How Was the Work Equation W=Fd Formulated?

[Jacksilver]

Hey everyone!

I want to know how the equation W=Fd was formulated?
That is to say: why is Work determined as the total force TIMES the distance traveled in the direction of the force.
It seems almost arbitrary though perfectly logical (more force or more distance means more work).

Was this equation the result of some sort of experiment (empirical equation)
or it's possible to mathematically derive it from other equations? If so: how?

Thanks

 

[Jerbearrrrrr]

Oh interesting question.
Well, I'm sure Newton or Hooke did the first major "play around" with work and energy using calculus. Whatever arguments they used would be nowhere near the standard of rigour required today, but the answers were still right (for a couple of centuries).
If you haven't calculused before, for Newton, calculus was basically a way of approximating a curve (difficult thing that changes) as a sequence of straight lines (easy things, but many of them), and so was able to calculate the "product" of two changing things (W=Fd - but what if the force you apply goes up and down? calculus methods let you get W in this general case).

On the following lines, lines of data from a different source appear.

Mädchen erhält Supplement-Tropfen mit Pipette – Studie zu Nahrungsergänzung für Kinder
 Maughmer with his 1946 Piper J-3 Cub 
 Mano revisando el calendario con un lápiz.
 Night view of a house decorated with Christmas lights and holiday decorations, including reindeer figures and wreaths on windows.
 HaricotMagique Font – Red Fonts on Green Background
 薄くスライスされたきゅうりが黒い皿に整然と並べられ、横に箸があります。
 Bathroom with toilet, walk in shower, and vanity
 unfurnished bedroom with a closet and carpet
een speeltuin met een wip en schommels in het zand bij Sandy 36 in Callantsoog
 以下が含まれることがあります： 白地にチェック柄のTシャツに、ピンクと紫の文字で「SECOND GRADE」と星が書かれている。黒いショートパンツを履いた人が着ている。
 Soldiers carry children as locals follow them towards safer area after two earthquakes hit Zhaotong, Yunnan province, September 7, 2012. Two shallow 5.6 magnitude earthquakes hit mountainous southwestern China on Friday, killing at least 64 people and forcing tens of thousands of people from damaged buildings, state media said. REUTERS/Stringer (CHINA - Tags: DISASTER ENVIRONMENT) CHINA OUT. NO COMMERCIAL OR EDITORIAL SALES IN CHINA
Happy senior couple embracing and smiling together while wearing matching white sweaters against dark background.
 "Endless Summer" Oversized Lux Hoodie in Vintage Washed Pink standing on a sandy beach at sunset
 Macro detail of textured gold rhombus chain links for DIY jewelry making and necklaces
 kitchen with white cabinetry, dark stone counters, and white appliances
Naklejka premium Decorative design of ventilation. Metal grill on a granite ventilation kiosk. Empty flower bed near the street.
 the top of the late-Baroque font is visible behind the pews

Using calculus, you can show a number of things that point towards W=Fd. (F*parallel d, that is)

For example, you can show that the integral of force with respect to distance (by this, I mean F*d's total for varying forces) is how much you increase something's kinetic energy. You might like to even define that as the work done by a force (how much energy you give it).
[Even for a constant force, it's best to use calculus here because applying a force accelerates the body (in general) and so you need to take into account of changes in the system.]

He might also have played around with gravitational potentials, where if you equate various expressions for energy, you can pull out W=Fd analogues, where F is weight.

 

[Jacksilver]

Wow! very quick answer and even though I don't know anything about calculus - I got it! :)
So the root of the equation is, as I suspected, mathematical (or "calculustical"..) if I understand correctly?

Thank you!

 

[dulrich]

I like to think of it the other way around. To define kinetic energy as the energy generated by doing work on a force-free particle. In this way one is able to show why there is the one-half factor in the formula. It also helps explain why the formula for kinetic energy is different in relativity.

If I remember my history correctly, the idea of virtual work predates even Newton. The simplest example is the lever. In order to raise a 2 Newton weight 1 cm, you can push down on a lever with 1 Newton of force -- but you have to push 2 cm in order to make it work. In other words, in any simple machine (ignoring friction, etc) the product of force and distance is the same in both the input and output. This conservation motivates giving it a name.